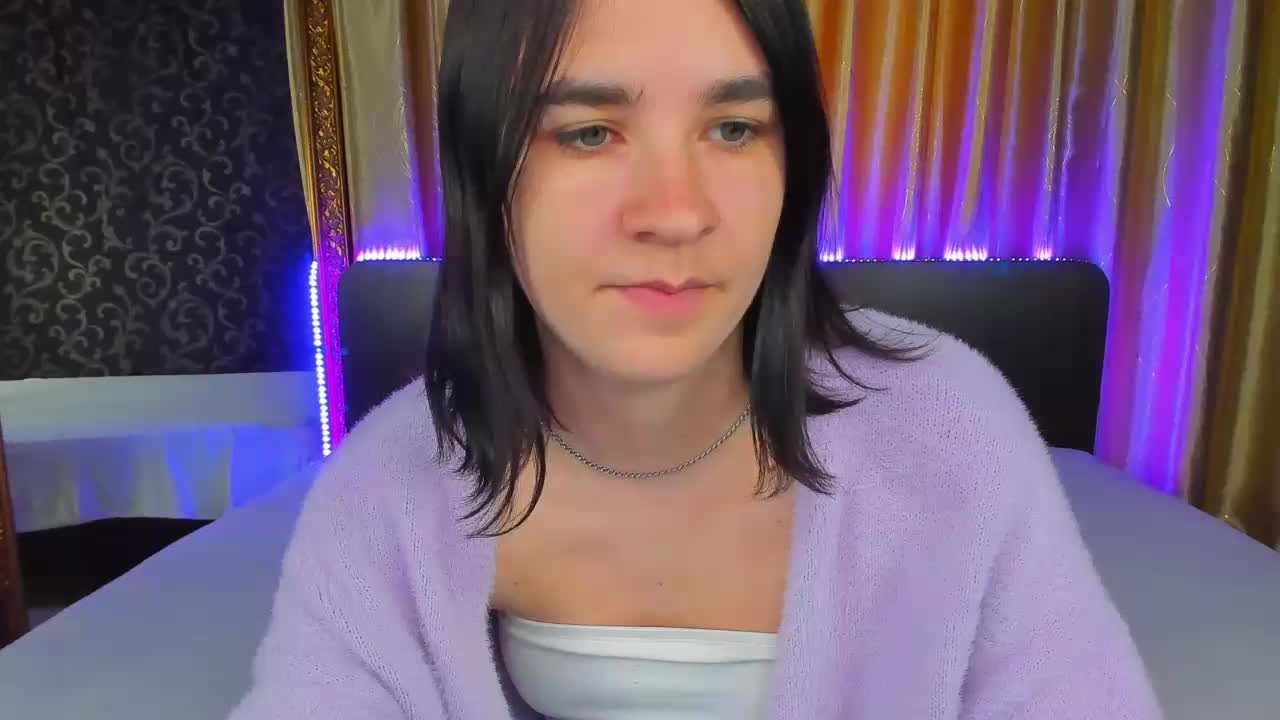 Polly-Love Cam Model Chat October 14, 2025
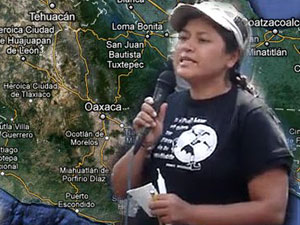 photo de Bety Carino en train de parler dans un micro, devant une carte du Mexique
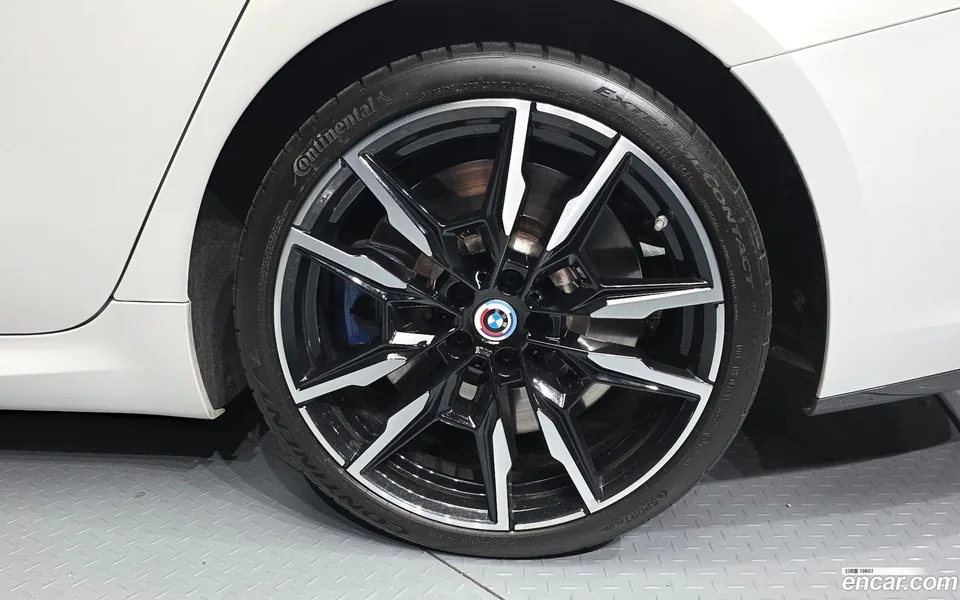 BMW 8 Series M850i xDrive 2022 — миниатюра 5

### Task description
Return the listing above in full and unaltered. Keep the pictures out.

### Answer to the problem
 Polly-Love Cam Model Chat October 14, 2025
 photo de Bety Carino en train de parler dans un micro, devant une carte du Mexique
 BMW 8 Series M850i xDrive 2022 — миниатюра 5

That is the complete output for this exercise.